__Data records__
---

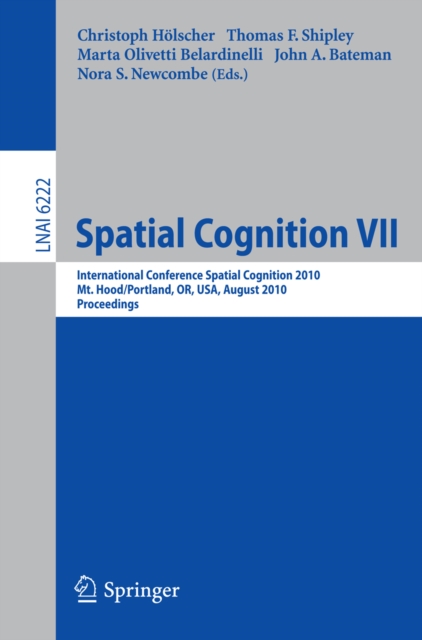 Spatial Cognition VII : International Conference, Spatial Cognition 2010, Mt. Hood/Portland, OR, USA, August 15-19,02010, Proceedings, PDF eBook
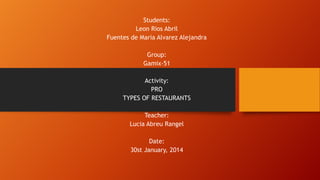 Students:
Leon Rios Abril
Fuentes de Maria Alvarez Alejandra
Group:
Gamix-51
Activity:
PRO
TYPES OF RESTAURANTS
Teacher:
Lucia Abreu Rangel
Date:
30st January, 2014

---

__Instructions for the task__
Word-for-word copy, no pictures: write out the entries above in full.

__Completed exercise__
 Spatial Cognition VII : International Conference, Spatial Cognition 2010, Mt. Hood/Portland, OR, USA, August 15-19,02010, Proceedings, PDF eBook
 Students:
Leon Rios Abril
Fuentes de Maria Alvarez Alejandra
Group:
Gamix-51
Activity:
PRO
TYPES OF RESTAURANTS
Teacher:
Lucia Abreu Rangel
Date:
30st January, 2014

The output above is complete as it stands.